What you have to do
Go to the line below that contains "Disney Rainbow Minnie Wallpaper review". From there to the end of the records, reproduce each line exactly, except the pictures.

Dataset
- - -
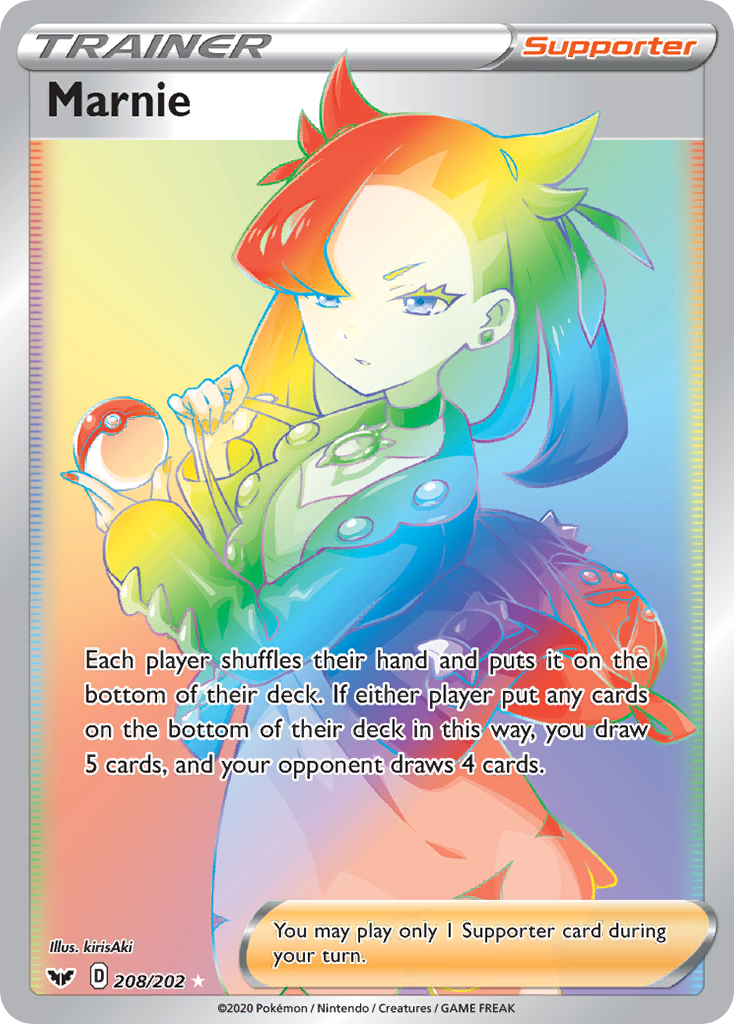 Marnie — illustrated card
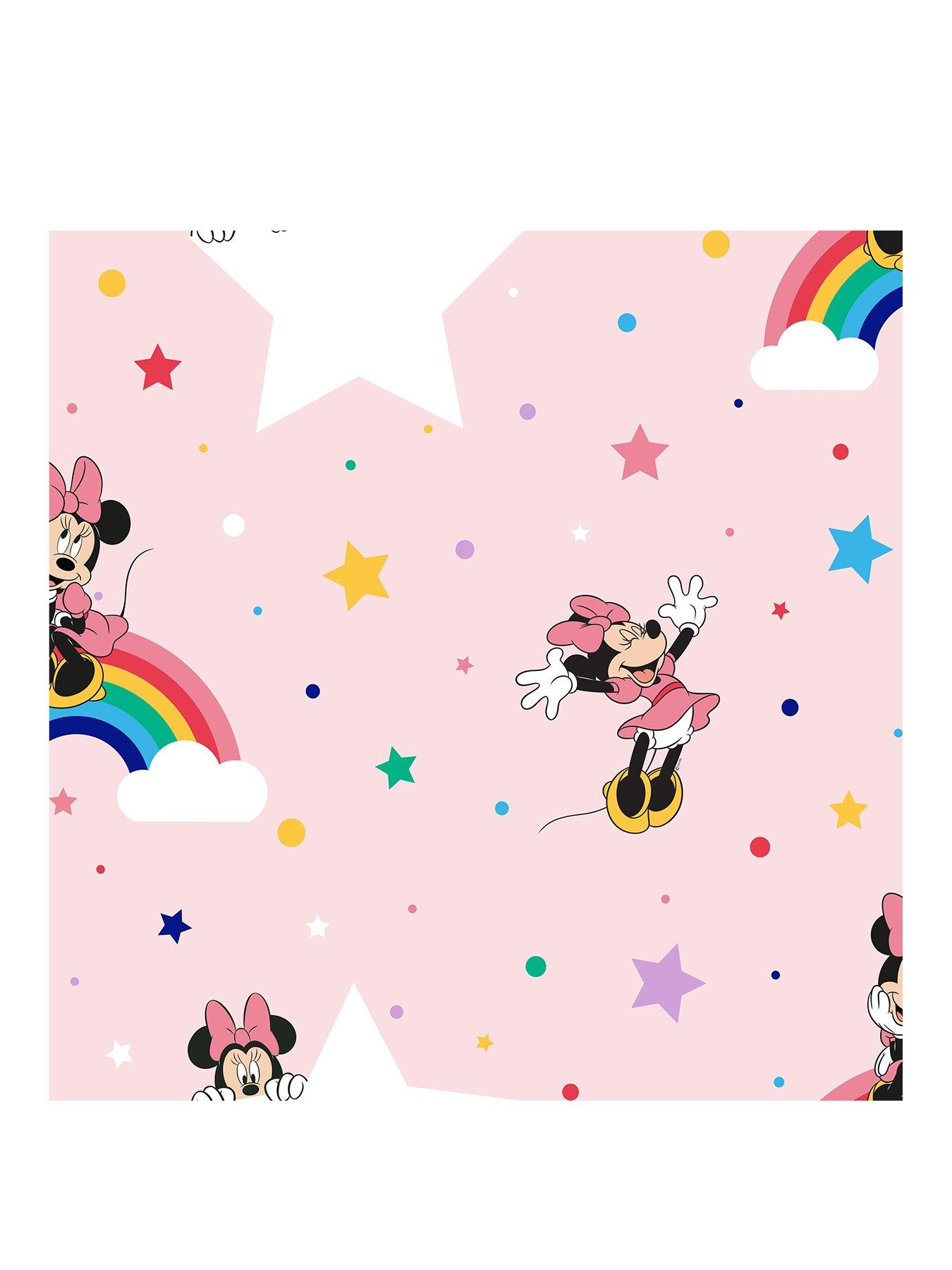 Disney Rainbow Minnie Wallpaper review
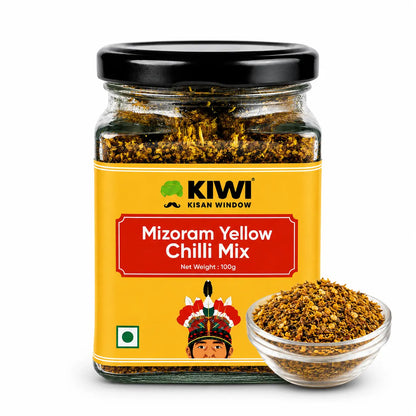 Mizoram Yellow Chilli Mix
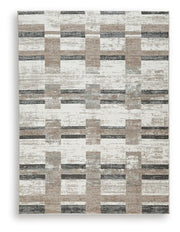 Alstone Multi 5'3" x 7' Area Rug - R407732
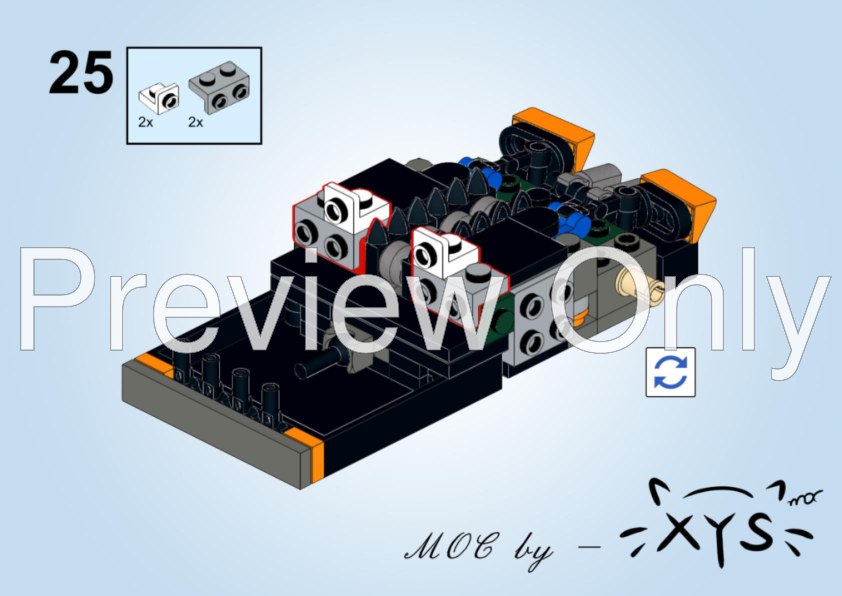 LEGO MOC-237228 Gordon Murray T.50S by XYS_MOC | Rebrickable
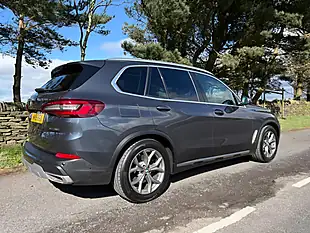 Used 2019 BMW X5 Xline Grey - Interior and Exterior details 6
- - -
Task solution
 Disney Rainbow Minnie Wallpaper review
 Mizoram Yellow Chilli Mix
 Alstone Multi 5'3" x 7' Area Rug - R407732
 LEGO MOC-237228 Gordon Murray T.50S by XYS_MOC | Rebrickable
 Used 2019 BMW X5 Xline Grey - Interior and Exterior details 6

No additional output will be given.